I sat down to play Desync for roughly 30-40 minutes, and in this time I was given a strong demonstration of what this game is and what it purports to be. Straight out of the gate, you’ll notice the unique aesthetic: Starkly beautiful, with an intense, but gorgeous low-poly style. Most importantly, it’s just… Pure. The art-design, combined with the pumped up synthetic score, offers something fresh and engaging, while still enabling the player to effectively scan the environment, know who to shoot, where to go, and how to string enemies into combos.
What are combos you ask? Well, that’s the interesting twist you see! Desync has found a way to intertwine a combo system into their already fast-paced shooting gallery. Essentially, when you combine certain actions while killing enemies, or finish them with a combination of moves, you get a speed increase, as well as a significant boost to score. When you trigger a combo for the first time, or complete a combo against a different enemy type, you trigger Desync mode (it’s the name of the game, get it? Wow, these ‘get it’ jokes are getting old), which slows down time and gives you some space to breathe and stay alive. Desync mode also occurs in special periods in a level, when any combo you perform will trigger it, but the enemies are A LOT stronger.
Desync also offers a huge amount of variety. The game is broken up into zones, each of which possess multiple maps to play through. These zones, however, throw different challenges your way. For instance, the first zone was designed to help to develop standard dodging and shooting skills, while the second zone threw in a huge amount of environmental hazards to avoid. Every level is handcrafted and does not succumb to random generation; the developers want you to train yourself, learn the patterns, the maps, and become a god. This philosophy interplays with the score system as well, players will be able to acquire new weapons in later levels to bring back and beat their previous high score, but more importantly, they should have improved.
Desync is not an easy game. I made this assessment fairly quickly, and I may have had the developers skip me through a level that they saw was obviously holding me back. People will probably find it frustrating (I know I did), but without the difficulty curve, the combo system would lose its appeal. Running out of ammo and being forced to kill yourself (and lose score, but not progress) forces you to approach enemies in different ways. It drives you to experiment with combos. Different enemies also tie into the difficulty, some deflect your bullets requiring you to use the environment and alternate weapon abilities, while some will just charge at you. They can also be paired with modifiers, like an explosion upon death, or they could slow the player when close by. These changes, while simple, had me adjusting my priorities and developing different strategies to cope with them.
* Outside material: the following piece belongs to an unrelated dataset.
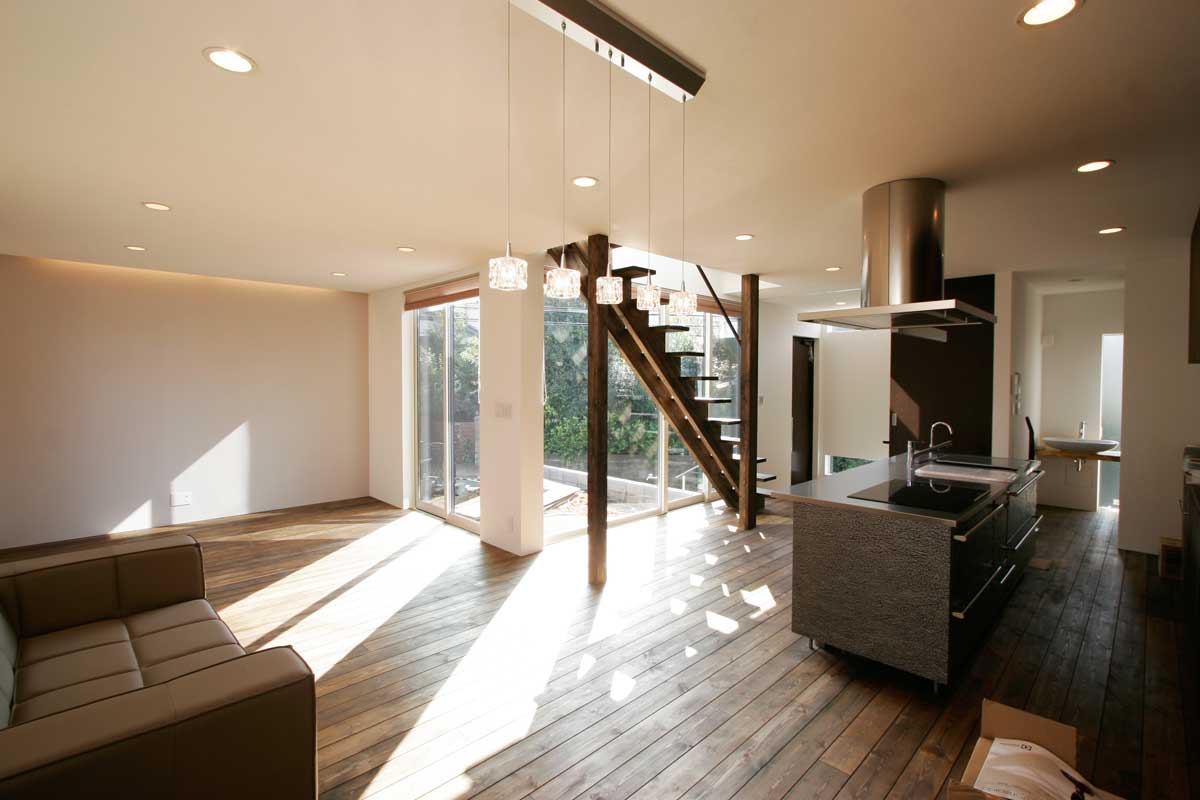 大きな窓から光が降り注ぐ上質なモダンデザイン住宅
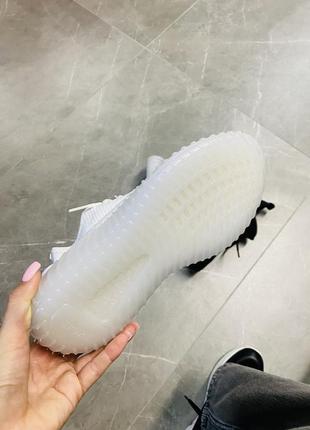 Кросівки ізіки yeezy boots 350 adidas5 фото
Fortunately, there are ‘core’ abilities, which — when charged through combos — can be used to give you a leg-up in the encounter. The core being shown off on the PAX demo was just a basic heal, but I was informed that plenty of different abilities will be added by release. Take care though, it’ll lower your score if you use them!
Desync is being shown in the PAX Rising area, and will be out on Steam in early 2017. I strongly advise you check this out!